That’s down from last year’s millage rate of 6.7841, but not quite the rolled-back rate of 6.1520 mills. The rolled-back rate is the millage rate that would get the city to the same dollar amount it received from ad valorem property taxes the previous year.
Another item on the City Commission’s agenda is the formation of a Brownfield Advisory Committee specific to the Beresford Reserve housing development that will be built on the former Southridge Golf Course.
By law, the City of DeLand must have a Brownfield Advisory Committee to look over developments planned to be built on fixed-up brownfields, or parcels that require significant environmental remediation due to pollutants from past development or use.
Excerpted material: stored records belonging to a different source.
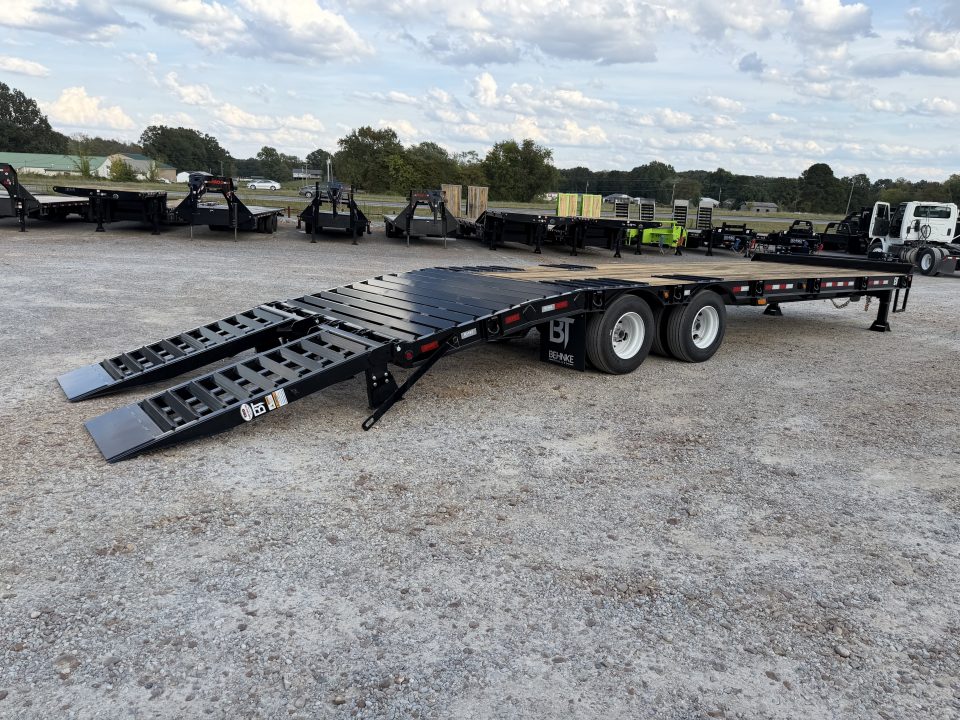 New 2027 Behnke 102"x29' 20 TON Pintle Hitch Tag Trailer *AIR RAMPS*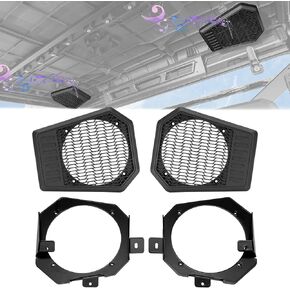 KEMIMOTO Rear Roof Speakers Pods Enclosures Holders Compatible with Polaris Ranger XP/Crew 1000 2018-2025 1000/Crew 2020-2025 Speaker Holders Accessories(2PCS, Support 6.5" Speakers, Replace#5454646)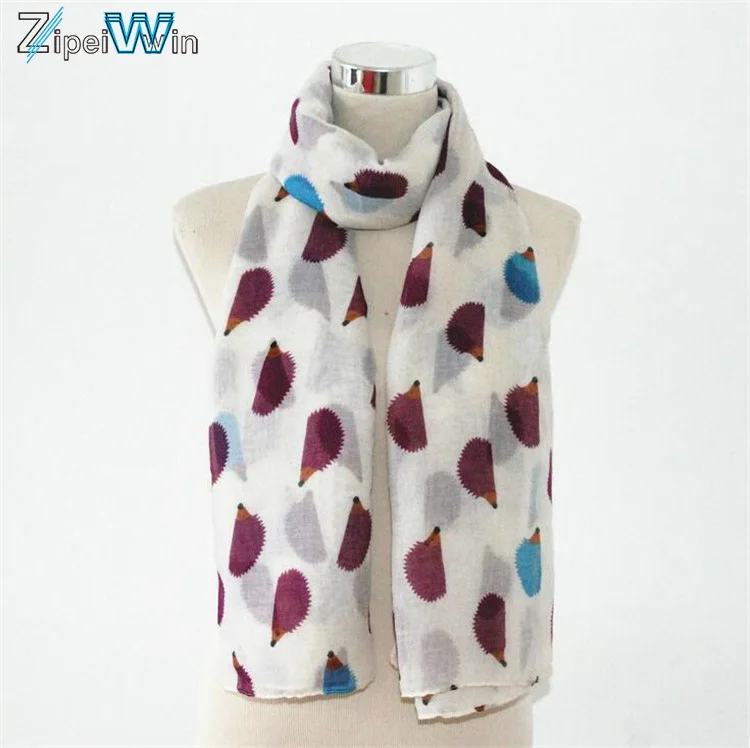 Модный женский шарф из полиэстера с принтом ежа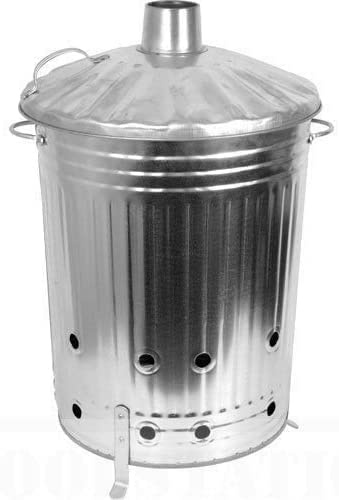 2 x 90LTR Garden Burning Fire Incinerator Galvanised Bin Burning Wood Leaves Rubbish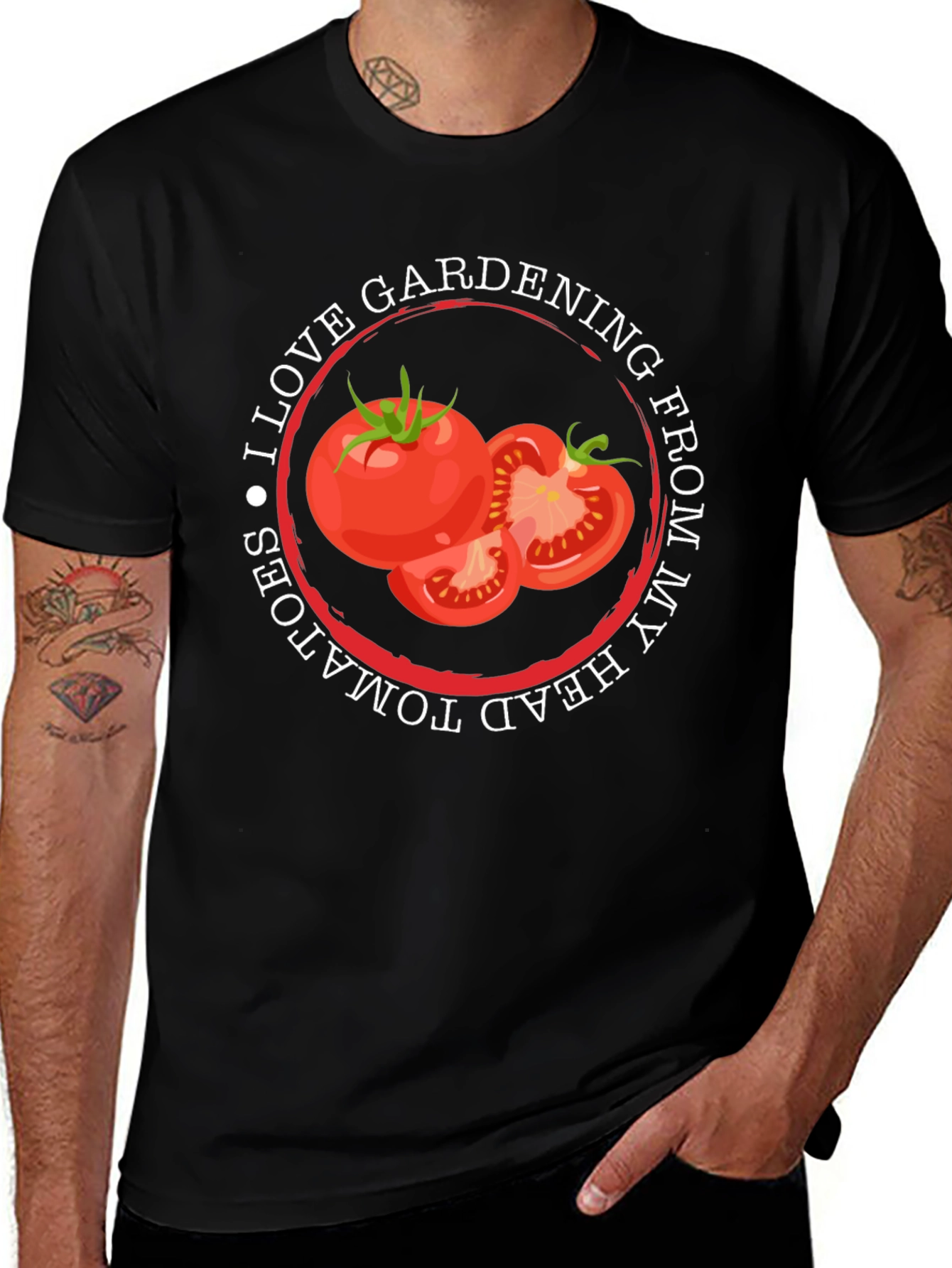Variant 28 of Tomato Gardening T-Shirt: I Love Gardening From My Head Tomatoes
In the past, the city’s Economic Development Committee filled this role, but the contentious development on a former golf course spurred the city into forming project-specific committees.
The Beresford Reserve Brownfield Advisory Committee will be the first of its kind, and, if the ordinance to create it Sept. 7 is passed by the City Commission, the city is expected to accept applications for the five-member committee. Committee members will likely be sworn in at the City Commission’s second meeting in October.
The agenda also includes the second reading of an ordinance that would prohibit developers from practicing open burning, or burning trees cut down during the process of developing land. And the lot rent for the DeLand Municipal Mobile Home Park at 140 W. Walts Ave. would be increased by $25.
The City Commission typically meets on the first and third Monday of every month, but, this month, the first meeting was rescheduled to Wednesday, Sept. 7, due to the Labor Day Holiday on Sept. 5. The City Commission will convene at 7 p.m. Sept. 7 in the City Commission Chambers, 120 S. Florida Ave.
City meetings are open to the public, and will be broadcast live online at the city’s website, HERE.